The case of Salzer v. United States ( supra) is relied upon by the administrator as sustaining the decision of the surrogate herein, to the effect that the father and mother of the decedent are entitled to the whole fund as the next of kin of the deceased soldier, in existence at the time of the death of the soldier's widow, the beneficiary named in the policy. In that case it was said that the proceeds of the policy upon the death of the beneficiary could only be paid to a person who could "trace his claim directly from the insured." That case was decided prior to the amendment of March 4, 1925, which abolished the provision of the act requiring the fund to be distributed to the next of kin of the insured but limited the right to take to certain named relatives. The amendment of March 4, 1925, had the effect of nullifying the decision in the Salzer case from the time the amendment took effect.
Under the said amendment the fund is payable to the estate of the insured. The distribution of the insured's estate is left to the Decedent Estate Law of the State. Nowhere in the act as amended is it provided that the distributees shall be determined as of the date of the death of the beneficiary named in the insurance certificate.

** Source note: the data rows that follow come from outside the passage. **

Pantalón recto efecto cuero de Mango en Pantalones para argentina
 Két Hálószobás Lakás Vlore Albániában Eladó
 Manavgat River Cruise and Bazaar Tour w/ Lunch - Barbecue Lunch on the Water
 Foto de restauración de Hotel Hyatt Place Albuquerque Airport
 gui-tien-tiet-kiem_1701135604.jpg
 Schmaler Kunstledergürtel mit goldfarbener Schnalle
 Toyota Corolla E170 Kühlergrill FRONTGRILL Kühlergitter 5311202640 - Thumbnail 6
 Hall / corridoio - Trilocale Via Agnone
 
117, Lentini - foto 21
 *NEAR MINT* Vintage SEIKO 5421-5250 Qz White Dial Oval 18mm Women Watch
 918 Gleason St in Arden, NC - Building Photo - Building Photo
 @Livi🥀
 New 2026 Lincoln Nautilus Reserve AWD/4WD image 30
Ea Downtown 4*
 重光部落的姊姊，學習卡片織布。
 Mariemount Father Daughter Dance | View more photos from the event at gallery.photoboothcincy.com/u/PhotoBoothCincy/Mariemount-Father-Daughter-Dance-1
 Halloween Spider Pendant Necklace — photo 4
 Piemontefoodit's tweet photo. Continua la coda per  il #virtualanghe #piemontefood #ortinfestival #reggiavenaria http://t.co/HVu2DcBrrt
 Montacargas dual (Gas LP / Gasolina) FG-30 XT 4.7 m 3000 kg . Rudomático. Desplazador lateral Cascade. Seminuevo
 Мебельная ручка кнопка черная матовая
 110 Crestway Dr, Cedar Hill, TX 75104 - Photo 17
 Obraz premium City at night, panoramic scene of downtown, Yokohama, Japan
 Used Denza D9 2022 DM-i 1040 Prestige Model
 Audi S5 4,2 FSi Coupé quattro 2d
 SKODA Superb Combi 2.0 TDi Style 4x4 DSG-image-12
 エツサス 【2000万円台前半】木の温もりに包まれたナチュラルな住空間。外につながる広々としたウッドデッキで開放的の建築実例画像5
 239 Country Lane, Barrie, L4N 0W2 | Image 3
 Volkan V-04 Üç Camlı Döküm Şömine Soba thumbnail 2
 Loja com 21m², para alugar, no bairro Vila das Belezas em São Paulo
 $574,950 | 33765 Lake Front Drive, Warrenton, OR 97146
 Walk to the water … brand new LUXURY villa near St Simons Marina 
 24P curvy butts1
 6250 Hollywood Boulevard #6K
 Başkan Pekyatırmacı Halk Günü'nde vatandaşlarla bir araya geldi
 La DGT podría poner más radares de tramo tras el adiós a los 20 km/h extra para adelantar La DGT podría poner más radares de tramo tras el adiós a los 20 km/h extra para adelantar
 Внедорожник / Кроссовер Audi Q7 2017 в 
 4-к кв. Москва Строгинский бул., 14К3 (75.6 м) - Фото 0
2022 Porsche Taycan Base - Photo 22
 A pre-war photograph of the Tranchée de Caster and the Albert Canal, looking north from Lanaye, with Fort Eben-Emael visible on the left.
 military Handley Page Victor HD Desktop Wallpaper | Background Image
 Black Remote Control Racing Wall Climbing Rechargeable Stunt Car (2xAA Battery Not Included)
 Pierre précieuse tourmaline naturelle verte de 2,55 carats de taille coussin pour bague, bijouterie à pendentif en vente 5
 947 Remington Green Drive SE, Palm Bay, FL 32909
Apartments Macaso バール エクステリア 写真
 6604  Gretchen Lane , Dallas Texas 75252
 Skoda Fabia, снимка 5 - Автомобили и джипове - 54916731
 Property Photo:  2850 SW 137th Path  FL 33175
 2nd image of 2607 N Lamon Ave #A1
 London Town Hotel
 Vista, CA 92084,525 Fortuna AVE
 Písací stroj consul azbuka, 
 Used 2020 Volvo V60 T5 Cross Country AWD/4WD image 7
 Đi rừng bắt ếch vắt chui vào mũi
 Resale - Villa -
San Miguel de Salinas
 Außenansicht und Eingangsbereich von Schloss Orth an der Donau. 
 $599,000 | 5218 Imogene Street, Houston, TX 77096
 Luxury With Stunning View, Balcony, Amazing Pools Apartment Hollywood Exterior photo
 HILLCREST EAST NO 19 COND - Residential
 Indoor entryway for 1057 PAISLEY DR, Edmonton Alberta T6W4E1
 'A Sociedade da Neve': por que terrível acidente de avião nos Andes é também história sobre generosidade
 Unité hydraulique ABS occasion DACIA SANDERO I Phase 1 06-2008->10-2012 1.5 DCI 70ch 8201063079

Generally there can be no question but what a fund that comes into the estate of a decedent after his death should be added to the estate left by the decedent and distributed according to section 98 of the Decedent Estate Law.
The next of kin of a person within the meaning of said section 98 are those persons who were decedent's next of kin at the time of his death. ( Clark v. Cammann, 160 N.Y. 315; Doane v. Mercantile Trust Co., Id. 494.)
The estate of a deceased person comes into existence immediately upon the death of the deceased person, and his next of kin entitled to take his estate as distributees are those who are his next of kin at the time of his death.
In other jurisdictions it has been determined that the distribution of a war insurance fund paid to the estate of a deceased soldier after the death of a beneficiary named in the certificate under the amendment of March 4, 1925, is payable to those who were entitled to take at the date of the death of the deceased soldier. ( Battaglia v. Battaglia, supra; Perrydore v. Hester, supra; Matter of Pivonka, supra; Matter of Deeble v. Tepper, ___ Md. ___; 136 A. 536.)
Our conclusion is that under section 98 of the Decedent Estate Law as it read in 1918 the father of the deceased soldier is entitled to take one-half of the fund as next of kin of the deceased soldier and that Hattie R. Tillner, the mother and sole next of kin of Bessie Storum, the wife of the deceased soldier, is entitled to take the other half.
The surrogate was without authority to allow costs to the contestant under section 278 of the Surrogate's Court Act. ( Matter of Hogarty, 62 App. Div. 79.)
The decree of the Surrogate's Court should be reversed upon the law and the matter remitted to that court to enter a decree in accordance with this opinion.
All concur. Present — HUBBS, P.J., CLARK, CROUCH, TAYLOR and SAWYER, JJ.
Decree reversed on the law and matter remitted to the Surrogate's Court to enter a decree in accordance with the opinion, without costs of this appeal to either party.